The Tactical Reason Grocery Store Produce Is Always At The Front

Walk into the front door of nearly any grocery store, and you'll see row upon row of fresh apples, sweet pears, pungent onions, and of course, lettuce, parsley, and eggplant sprayed with a "mister" to keep them cool. You may wonder why every food store seems to have the same produce section location, especially if you're less inclined to buy fruit and vegetables and would rather stock up on other groceries (per Mental Floss).

Regardless of what you intend to buy at the supermarket, you just might end up perusing the produce before you head to any of the aisles — and stocking up on fresh fruit and vegetables. But why is the produce section so close to the entrance, and why did you walk out of the store with that cantaloupe that wasn't even on your grocery list? It turns out that it's all about psychology, according to National Geographic, but why is it so important to have the produce at the front of the store?

The psychology behind produce in the front

While it might be shocking that produce is always at the front of the grocery store for a reason, the reason actually makes perfect sense. Fresh produce is enticing –  and seeing so many fresh fruits and vegetables when you enter the grocery store sets the tone for the rest of the store. Do the tomatoes look ripe? Does the lettuce look fresh? If so, then you'll work up an appetite for the fruits and vegetables and not only be more likely to buy them, but you'll also be more inclined to shop the rest of the store because the produce looks so delicious (per National Geographic).

Produce — and its nearby counterpart, the floral bouquet — is easy to arrange to look appealing in stores. Apples, pears, oranges, and other fruits that typically rest in the stands in the middle of the produce department are bright and colorful, so you may crave an apple or orange without even realizing it. Flowers are another colorful way to encourage customers to enter the store. Along the sides of the produce department usually are a variety of vegetables, from lettuce to mushrooms to carrots. They are typically positioned under lighting that makes their colors stand out (per Mental Floss). And of course, both fruits and vegetables are meticulously arranged in neat stacks and rows. With such an enticing display, who wouldn't want to buy produce?

Grocery store psychology isn't limited to produce placement

If you think that only the produce section of the grocery store is strategically placed, then you're in for a surprise. After the produce department draws you into the store, the rest of the store will be just as tempting to walk through, and it all has to do with where each section is located.
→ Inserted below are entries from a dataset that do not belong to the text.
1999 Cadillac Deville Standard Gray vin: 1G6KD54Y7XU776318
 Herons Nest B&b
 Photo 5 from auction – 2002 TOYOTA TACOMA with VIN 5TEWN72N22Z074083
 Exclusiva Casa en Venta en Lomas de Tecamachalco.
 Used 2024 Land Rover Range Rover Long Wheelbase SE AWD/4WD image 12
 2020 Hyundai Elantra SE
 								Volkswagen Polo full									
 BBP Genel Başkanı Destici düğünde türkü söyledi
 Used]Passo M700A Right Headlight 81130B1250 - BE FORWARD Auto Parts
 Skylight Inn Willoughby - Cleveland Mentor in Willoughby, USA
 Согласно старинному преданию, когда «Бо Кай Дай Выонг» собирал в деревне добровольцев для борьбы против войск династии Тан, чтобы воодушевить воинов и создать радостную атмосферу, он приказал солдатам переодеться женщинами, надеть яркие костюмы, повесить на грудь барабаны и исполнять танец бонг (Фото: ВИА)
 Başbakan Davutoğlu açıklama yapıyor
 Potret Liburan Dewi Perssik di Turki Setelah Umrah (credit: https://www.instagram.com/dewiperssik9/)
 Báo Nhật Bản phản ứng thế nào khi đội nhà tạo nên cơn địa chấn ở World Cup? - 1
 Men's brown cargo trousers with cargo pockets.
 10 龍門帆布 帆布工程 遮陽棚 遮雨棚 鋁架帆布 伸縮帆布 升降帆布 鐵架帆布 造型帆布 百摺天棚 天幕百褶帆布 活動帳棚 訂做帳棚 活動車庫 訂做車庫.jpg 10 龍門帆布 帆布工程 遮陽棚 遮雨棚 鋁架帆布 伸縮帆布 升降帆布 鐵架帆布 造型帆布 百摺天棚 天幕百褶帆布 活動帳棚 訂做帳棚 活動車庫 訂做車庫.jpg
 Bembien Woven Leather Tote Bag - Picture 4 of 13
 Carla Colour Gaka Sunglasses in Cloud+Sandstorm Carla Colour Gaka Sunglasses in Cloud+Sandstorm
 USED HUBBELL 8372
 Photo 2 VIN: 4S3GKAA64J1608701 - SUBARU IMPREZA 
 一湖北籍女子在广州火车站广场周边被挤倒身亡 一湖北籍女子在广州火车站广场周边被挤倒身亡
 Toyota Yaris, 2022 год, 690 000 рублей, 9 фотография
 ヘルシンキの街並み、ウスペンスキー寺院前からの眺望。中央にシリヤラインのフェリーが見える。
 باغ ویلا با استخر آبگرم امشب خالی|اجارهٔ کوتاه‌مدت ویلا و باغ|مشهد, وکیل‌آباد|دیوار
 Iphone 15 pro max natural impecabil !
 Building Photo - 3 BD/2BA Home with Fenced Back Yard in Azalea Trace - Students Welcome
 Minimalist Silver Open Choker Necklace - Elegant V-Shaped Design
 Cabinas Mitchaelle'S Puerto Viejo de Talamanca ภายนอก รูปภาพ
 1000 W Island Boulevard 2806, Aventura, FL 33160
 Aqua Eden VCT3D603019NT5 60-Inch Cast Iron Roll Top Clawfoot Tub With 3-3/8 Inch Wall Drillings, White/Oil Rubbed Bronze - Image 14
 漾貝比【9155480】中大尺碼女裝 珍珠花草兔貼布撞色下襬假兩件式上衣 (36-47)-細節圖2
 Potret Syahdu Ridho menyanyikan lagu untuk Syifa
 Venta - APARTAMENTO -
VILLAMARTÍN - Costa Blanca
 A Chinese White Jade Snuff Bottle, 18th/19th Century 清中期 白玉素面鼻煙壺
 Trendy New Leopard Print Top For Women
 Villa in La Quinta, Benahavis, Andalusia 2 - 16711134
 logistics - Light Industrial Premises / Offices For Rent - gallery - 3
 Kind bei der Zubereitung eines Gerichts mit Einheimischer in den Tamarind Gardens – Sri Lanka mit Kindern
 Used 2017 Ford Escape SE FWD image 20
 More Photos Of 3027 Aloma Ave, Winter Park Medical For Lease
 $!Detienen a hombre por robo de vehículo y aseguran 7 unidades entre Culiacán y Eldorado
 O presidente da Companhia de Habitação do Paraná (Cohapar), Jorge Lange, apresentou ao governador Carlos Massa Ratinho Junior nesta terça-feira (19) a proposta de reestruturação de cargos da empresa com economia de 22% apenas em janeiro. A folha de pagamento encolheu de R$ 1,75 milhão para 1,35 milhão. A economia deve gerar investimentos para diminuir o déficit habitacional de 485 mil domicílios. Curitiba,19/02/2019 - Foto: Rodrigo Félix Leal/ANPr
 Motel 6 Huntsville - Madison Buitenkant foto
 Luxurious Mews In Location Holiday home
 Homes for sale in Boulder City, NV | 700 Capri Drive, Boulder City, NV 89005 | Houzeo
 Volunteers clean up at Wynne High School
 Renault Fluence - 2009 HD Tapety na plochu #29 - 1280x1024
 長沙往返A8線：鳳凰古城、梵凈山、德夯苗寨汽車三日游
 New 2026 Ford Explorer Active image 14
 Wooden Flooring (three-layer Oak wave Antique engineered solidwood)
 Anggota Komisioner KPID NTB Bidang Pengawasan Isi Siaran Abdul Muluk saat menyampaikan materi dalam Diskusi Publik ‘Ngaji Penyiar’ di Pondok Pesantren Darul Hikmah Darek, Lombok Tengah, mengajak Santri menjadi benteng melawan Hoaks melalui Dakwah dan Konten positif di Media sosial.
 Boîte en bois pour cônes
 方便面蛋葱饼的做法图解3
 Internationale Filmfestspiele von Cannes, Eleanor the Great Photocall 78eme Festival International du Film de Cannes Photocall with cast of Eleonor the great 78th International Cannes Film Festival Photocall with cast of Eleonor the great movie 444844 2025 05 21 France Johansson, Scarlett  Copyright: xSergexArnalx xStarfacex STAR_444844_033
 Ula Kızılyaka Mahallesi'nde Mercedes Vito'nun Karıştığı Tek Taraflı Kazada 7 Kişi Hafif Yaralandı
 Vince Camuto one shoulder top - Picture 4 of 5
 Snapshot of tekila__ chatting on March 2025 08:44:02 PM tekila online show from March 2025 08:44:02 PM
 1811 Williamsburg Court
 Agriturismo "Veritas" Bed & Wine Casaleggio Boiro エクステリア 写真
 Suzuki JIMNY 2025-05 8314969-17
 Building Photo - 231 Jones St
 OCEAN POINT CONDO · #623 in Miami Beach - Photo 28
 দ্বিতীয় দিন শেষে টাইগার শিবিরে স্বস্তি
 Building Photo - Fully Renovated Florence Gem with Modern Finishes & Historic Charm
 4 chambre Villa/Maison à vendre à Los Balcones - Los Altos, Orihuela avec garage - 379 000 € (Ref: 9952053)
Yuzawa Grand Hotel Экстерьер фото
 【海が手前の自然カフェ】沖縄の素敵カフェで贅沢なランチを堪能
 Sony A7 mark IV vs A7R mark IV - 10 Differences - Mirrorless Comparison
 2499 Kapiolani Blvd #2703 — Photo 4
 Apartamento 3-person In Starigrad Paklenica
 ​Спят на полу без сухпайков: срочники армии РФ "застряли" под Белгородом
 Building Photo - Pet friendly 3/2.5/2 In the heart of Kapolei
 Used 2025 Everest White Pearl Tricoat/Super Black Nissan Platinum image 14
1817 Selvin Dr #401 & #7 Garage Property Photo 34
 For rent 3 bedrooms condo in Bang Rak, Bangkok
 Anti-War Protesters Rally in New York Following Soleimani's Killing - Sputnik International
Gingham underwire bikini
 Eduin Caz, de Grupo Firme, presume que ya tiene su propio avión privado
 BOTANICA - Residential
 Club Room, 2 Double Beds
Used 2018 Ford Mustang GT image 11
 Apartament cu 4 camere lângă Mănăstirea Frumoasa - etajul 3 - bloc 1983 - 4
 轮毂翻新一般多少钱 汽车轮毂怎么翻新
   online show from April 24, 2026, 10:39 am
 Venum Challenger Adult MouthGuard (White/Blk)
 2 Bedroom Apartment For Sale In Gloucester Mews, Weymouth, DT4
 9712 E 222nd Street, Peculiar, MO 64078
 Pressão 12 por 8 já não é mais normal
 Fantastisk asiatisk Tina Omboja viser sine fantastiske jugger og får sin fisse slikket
Every section offers plenty of enticing buys for customers. The bakery department is also typically at the front of the store so that your mouth will water for a treat and you'll indulge your sweet tooth (per Mental Floss). According to the Chicago Tribune, most shoppers will visit the dairy section, and they also typically buy the items they're eyeing there. Since this section of the supermarket has such high traffic, stores place it at the back. This way, shoppers will be forced to walk through the middle of the store — where the items that are hardest to sell typically are. If they have to walk past drain cleaner and mixed nuts just to get to the area with the milk, they might stock up on items that they might not actually need before they get to the items that are actually on their grocery lists. Everything in the grocery store — including produce — is strategically arranged, and you might never see your local supermarket the same way again.